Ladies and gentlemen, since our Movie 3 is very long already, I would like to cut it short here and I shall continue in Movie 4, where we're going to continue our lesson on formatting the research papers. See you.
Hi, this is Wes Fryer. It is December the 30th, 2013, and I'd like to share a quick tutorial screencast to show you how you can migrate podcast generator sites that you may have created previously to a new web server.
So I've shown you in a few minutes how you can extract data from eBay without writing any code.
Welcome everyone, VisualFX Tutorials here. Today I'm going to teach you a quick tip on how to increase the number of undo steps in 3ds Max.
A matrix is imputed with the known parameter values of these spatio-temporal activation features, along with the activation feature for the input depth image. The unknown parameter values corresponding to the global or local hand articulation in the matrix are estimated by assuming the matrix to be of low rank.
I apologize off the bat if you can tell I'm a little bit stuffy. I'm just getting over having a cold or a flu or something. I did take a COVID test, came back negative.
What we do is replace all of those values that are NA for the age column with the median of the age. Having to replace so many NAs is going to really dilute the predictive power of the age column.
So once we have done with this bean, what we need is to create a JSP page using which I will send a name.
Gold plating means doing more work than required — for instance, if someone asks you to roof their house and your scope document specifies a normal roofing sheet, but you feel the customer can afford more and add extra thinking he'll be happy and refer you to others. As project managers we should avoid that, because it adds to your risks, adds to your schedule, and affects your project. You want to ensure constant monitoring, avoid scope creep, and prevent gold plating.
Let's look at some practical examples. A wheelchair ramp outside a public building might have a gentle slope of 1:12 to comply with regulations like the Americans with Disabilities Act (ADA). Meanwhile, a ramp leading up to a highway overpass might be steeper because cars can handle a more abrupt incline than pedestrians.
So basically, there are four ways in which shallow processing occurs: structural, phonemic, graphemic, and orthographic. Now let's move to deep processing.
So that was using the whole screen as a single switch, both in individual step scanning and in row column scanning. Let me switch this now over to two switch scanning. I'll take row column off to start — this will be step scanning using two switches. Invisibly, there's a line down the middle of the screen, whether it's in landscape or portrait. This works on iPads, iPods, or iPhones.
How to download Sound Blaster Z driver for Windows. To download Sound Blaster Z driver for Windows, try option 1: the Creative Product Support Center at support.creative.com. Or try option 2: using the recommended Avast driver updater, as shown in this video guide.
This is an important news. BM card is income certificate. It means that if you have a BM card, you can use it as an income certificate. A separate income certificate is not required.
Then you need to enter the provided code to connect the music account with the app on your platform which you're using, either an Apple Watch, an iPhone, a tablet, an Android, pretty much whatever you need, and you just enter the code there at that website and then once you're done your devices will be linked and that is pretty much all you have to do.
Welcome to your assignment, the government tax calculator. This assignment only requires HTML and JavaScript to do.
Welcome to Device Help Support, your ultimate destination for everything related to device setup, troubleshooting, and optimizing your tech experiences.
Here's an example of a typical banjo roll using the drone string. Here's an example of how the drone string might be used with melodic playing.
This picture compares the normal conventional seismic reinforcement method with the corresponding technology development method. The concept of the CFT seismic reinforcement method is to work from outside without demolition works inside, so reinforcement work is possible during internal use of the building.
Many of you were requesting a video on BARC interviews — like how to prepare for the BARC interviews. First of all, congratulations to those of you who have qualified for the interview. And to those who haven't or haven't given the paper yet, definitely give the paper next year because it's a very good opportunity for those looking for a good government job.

::::::::::

Copy every line above without altering a word.

» EXPECTED ANSWER:
Ladies and gentlemen, since our Movie 3 is very long already, I would like to cut it short here and I shall continue in Movie 4, where we're going to continue our lesson on formatting the research papers. See you.
Hi, this is Wes Fryer. It is December the 30th, 2013, and I'd like to share a quick tutorial screencast to show you how you can migrate podcast generator sites that you may have created previously to a new web server.
So I've shown you in a few minutes how you can extract data from eBay without writing any code.
Welcome everyone, VisualFX Tutorials here. Today I'm going to teach you a quick tip on how to increase the number of undo steps in 3ds Max.
A matrix is imputed with the known parameter values of these spatio-temporal activation features, along with the activation feature for the input depth image. The unknown parameter values corresponding to the global or local hand articulation in the matrix are estimated by assuming the matrix to be of low rank.
I apologize off the bat if you can tell I'm a little bit stuffy. I'm just getting over having a cold or a flu or something. I did take a COVID test, came back negative.
What we do is replace all of those values that are NA for the age column with the median of the age. Having to replace so many NAs is going to really dilute the predictive power of the age column.
So once we have done with this bean, what we need is to create a JSP page using which I will send a name.
Gold plating means doing more work than required — for instance, if someone asks you to roof their house and your scope document specifies a normal roofing sheet, but you feel the customer can afford more and add extra thinking he'll be happy and refer you to others. As project managers we should avoid that, because it adds to your risks, adds to your schedule, and affects your project. You want to ensure constant monitoring, avoid scope creep, and prevent gold plating.
Let's look at some practical examples. A wheelchair ramp outside a public building might have a gentle slope of 1:12 to comply with regulations like the Americans with Disabilities Act (ADA). Meanwhile, a ramp leading up to a highway overpass might be steeper because cars can handle a more abrupt incline than pedestrians.
So basically, there are four ways in which shallow processing occurs: structural, phonemic, graphemic, and orthographic. Now let's move to deep processing.
So that was using the whole screen as a single switch, both in individual step scanning and in row column scanning. Let me switch this now over to two switch scanning. I'll take row column off to start — this will be step scanning using two switches. Invisibly, there's a line down the middle of the screen, whether it's in landscape or portrait. This works on iPads, iPods, or iPhones.
How to download Sound Blaster Z driver for Windows. To download Sound Blaster Z driver for Windows, try option 1: the Creative Product Support Center at support.creative.com. Or try option 2: using the recommended Avast driver updater, as shown in this video guide.
This is an important news. BM card is income certificate. It means that if you have a BM card, you can use it as an income certificate. A separate income certificate is not required.
Then you need to enter the provided code to connect the music account with the app on your platform which you're using, either an Apple Watch, an iPhone, a tablet, an Android, pretty much whatever you need, and you just enter the code there at that website and then once you're done your devices will be linked and that is pretty much all you have to do.
Welcome to your assignment, the government tax calculator. This assignment only requires HTML and JavaScript to do.
Welcome to Device Help Support, your ultimate destination for everything related to device setup, troubleshooting, and optimizing your tech experiences.
Here's an example of a typical banjo roll using the drone string. Here's an example of how the drone string might be used with melodic playing.
This picture compares the normal conventional seismic reinforcement method with the corresponding technology development method. The concept of the CFT seismic reinforcement method is to work from outside without demolition works inside, so reinforcement work is possible during internal use of the building.
Many of you were requesting a video on BARC interviews — like how to prepare for the BARC interviews. First of all, congratulations to those of you who have qualified for the interview. And to those who haven't or haven't given the paper yet, definitely give the paper next year because it's a very good opportunity for those looking for a good government job.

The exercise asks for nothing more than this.